#### About this task
After locating the line with "Überdachte Terrasse - 3" below, output it and each following line exactly, stopping after the line with "WDB60106118144473 - 2001". No pictures.

#### Dataset extract
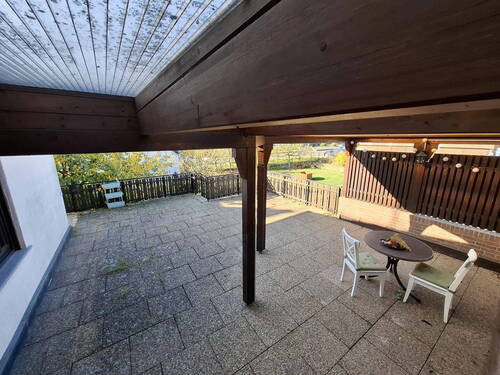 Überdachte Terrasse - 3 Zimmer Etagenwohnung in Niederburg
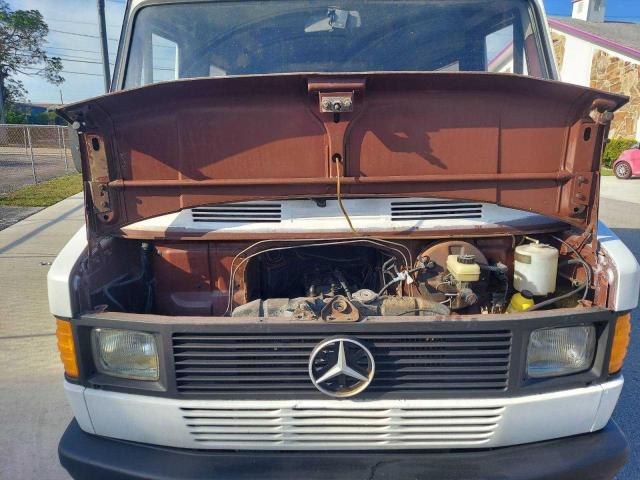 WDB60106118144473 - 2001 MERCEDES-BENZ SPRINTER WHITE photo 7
--
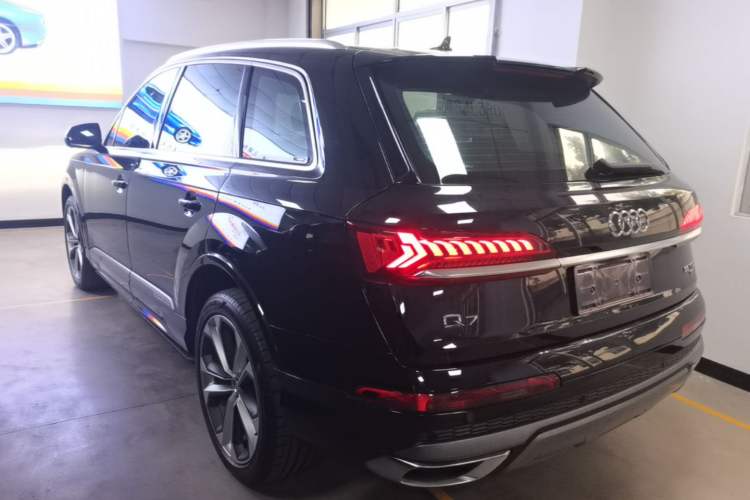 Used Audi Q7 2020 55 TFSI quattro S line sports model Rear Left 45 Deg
* * *
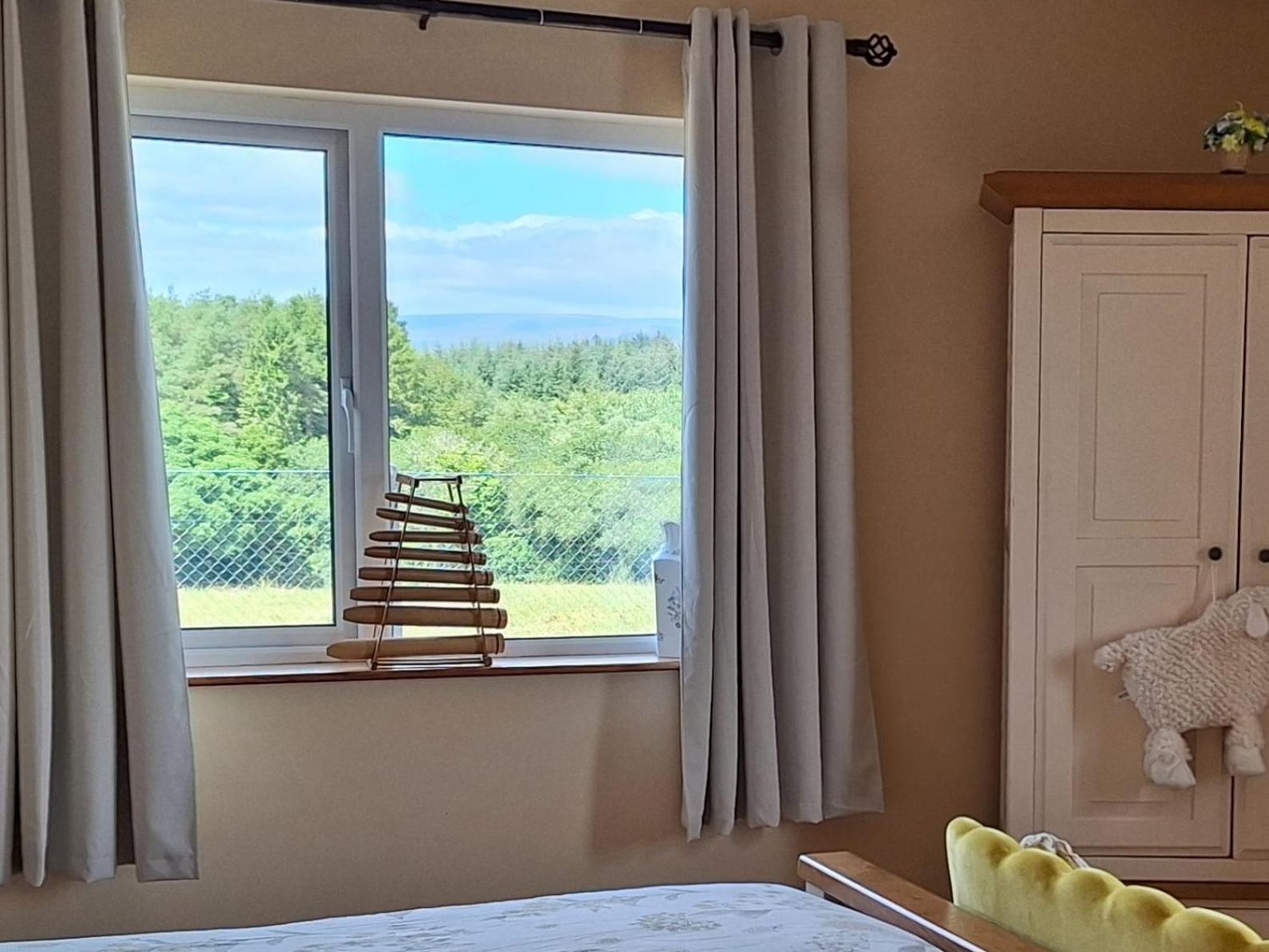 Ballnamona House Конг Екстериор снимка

#### Task answer
 Überdachte Terrasse - 3 Zimmer Etagenwohnung in Niederburg
 WDB60106118144473 - 2001 MERCEDES-BENZ SPRINTER WHITE photo 7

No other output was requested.